It would have been stupid to think I could take this job and avoid being compared to Jonathan Gold. I have to admit, though, I did not think the first comparison would have to do with our looks. And yet, that's exactly what happened when Eater L.A. posted a blurry photo taken at a panel I moderated at the Atlanta Food and Wine Festival (the photo has since been removed at the request of the photographer). “She's uglier than J.Gold…..holly [sic] shit!!!!!” one commenter wrote. “Its [sic] Jonathan Gold in drag,” another quipped.

Sigh. I don't know if I can rightfully blame Eater for trying to unmask me. The unmasking of critics seems counterproductive and dumb, but we (restaurant critics) kind of brought this on ourselves, being all self-important and wearing wigs and pretending we're spies. I certainly can't blame the commenters for being outrageous dicks — that's what the Internet was built for, right? Porn, food porn and acting out our worst selves from the vantage of … what would you call that? Oh yeah, anonymity.

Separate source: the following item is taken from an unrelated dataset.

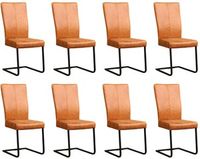 Set van 8 Cognac leren industriële eetkamerstoelen Dare - poot vierkant zwart - Vintage Leer Cognac (cognac leer) - thumbnail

And I've blathered on about anonymity a fair amount myself. (For those of you who saw that stupid video, please know it was supposed to be a joke. My original idea was to wear a Donnie Darko bunny head, or to have changed disguises every time the camera came back to me. The joke fell horribly flat, and the video seems both bizarre and self-important in the dorkiest possible way. It's a good example of why professional media companies shouldn't attempt media at which they are not professional.) My basic point was that, yes, anonymity helps. Yes, it's important to try. Yes, it's impossible. I was never unmasked in Atlanta in the way Eater has been attempting here in L.A., but by the time I left there was hardly a chef in town who couldn't have picked me out. Word gets around. Atlanta is a small town in many ways. But that doesn't mean I didn't try to keep my photo out of the public eye, and to keep a low profile when reviewing restaurants. In most cases, I was able to get in a visit or two where no one noticed me.

In L.A., I have a chance to start fresh. I don't know any chefs or restaurant people here, and I hope to keep it that way. Will total anonymity be possible? Almost certainly not, although I'm pretty confident that the photos out there won't help people much in identifying me.

Which brings me to this past Monday, when Eater published another photo, claiming it is me circa 2005. Thus far, the photographer of that photo has not demanded it be removed. Probably because the photographer may have a vested interest in people thinking that photo looks exactly like me. You'd think Eater, with all its smarty-pants Internet savvy, would know the difference between a credit and a caption. But whatever. Chefs of L.A. — I look just like that! I haven't aged a day!